As Europeans and subsequently Euro-Americans moved from east to west, they spread diseases and imposed European culture and religions onto Natives. In the 20th century, as neurotic prejudices, instigated by Christian influences, increased among Native Americans, acceptance of gender diversity and androgynous persons sharply declined. Two Spirits were commonly forced by government officials, Christian representatives or even their assimilated Native communities to conform to standardized gender roles. Those who felt they could not make this transition either went underground or committed suicide. The imposition of Euro-American marriage laws invalidated the same-gender marriages that were once common among tribes across North America. The Native American cultural pride revivals that began in the 1960s / Red Power movements brought about a new awareness of the Two Spirit tradition and has since inspired a gradual increase of acceptance and respect for gender variance within tribal communities. It was out of this new tribal and self-respect that encouraged the shedding of the offensive “Berdache” term that was assigned by Europeans.

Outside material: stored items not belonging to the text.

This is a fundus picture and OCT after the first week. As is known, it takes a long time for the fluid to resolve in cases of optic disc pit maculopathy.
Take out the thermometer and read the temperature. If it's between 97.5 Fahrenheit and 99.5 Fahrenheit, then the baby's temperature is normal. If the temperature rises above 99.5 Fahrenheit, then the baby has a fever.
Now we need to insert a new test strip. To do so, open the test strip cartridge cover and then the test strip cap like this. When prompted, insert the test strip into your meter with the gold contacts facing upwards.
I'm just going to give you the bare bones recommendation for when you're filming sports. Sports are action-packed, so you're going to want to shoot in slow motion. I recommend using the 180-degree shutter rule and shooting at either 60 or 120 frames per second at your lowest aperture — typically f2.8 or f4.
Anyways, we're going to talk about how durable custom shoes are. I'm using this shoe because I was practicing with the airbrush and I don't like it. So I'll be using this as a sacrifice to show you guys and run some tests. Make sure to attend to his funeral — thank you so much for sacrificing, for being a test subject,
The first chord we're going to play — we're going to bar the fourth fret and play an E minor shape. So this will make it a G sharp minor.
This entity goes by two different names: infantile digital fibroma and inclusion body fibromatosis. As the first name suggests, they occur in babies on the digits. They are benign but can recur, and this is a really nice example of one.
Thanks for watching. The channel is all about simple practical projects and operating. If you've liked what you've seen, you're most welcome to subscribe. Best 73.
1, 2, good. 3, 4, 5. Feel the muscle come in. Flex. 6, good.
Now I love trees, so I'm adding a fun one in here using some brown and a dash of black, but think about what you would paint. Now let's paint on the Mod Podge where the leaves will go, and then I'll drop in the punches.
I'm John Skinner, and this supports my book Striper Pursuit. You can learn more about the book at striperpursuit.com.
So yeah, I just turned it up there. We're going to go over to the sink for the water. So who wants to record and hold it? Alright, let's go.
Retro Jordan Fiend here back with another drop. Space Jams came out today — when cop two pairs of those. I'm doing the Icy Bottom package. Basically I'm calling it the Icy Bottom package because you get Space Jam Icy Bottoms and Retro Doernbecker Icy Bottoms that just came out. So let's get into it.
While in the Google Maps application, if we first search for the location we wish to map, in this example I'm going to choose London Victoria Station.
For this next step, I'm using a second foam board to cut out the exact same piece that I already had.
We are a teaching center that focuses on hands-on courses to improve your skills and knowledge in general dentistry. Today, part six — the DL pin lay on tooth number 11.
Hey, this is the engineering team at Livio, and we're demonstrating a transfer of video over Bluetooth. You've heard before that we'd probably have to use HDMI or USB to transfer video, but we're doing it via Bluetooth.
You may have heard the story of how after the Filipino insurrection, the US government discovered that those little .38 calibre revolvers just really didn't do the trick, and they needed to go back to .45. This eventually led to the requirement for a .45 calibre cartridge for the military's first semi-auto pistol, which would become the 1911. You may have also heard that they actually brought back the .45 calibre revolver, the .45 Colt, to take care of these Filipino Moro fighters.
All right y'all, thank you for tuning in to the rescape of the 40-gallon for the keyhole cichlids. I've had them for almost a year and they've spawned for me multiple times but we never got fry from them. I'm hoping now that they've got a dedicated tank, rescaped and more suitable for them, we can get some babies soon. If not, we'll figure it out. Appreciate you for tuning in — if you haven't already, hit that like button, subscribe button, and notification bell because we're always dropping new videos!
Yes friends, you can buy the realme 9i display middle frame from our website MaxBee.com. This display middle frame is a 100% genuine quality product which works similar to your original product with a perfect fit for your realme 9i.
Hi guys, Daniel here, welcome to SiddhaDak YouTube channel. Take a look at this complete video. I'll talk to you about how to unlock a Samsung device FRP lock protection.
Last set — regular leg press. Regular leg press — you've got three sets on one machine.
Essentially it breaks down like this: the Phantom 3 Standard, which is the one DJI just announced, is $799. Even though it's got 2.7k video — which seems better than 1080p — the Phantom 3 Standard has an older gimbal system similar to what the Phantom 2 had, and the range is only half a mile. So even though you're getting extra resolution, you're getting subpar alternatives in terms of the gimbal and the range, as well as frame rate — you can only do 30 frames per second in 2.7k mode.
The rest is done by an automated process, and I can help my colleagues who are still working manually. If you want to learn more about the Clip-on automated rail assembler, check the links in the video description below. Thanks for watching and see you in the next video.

I will leave the last words to the late Lakota actor, Native rights activist and American Indian Movement co-founder Russell Means: “In my culture we have people who dress half-man, half-woman. Winkte, we call them in our language. If you are Winkte, that is an honourable term and you are a special human being and among my nation and all Plains people, we consider you a teacher of our children and are proud of what and who you are.”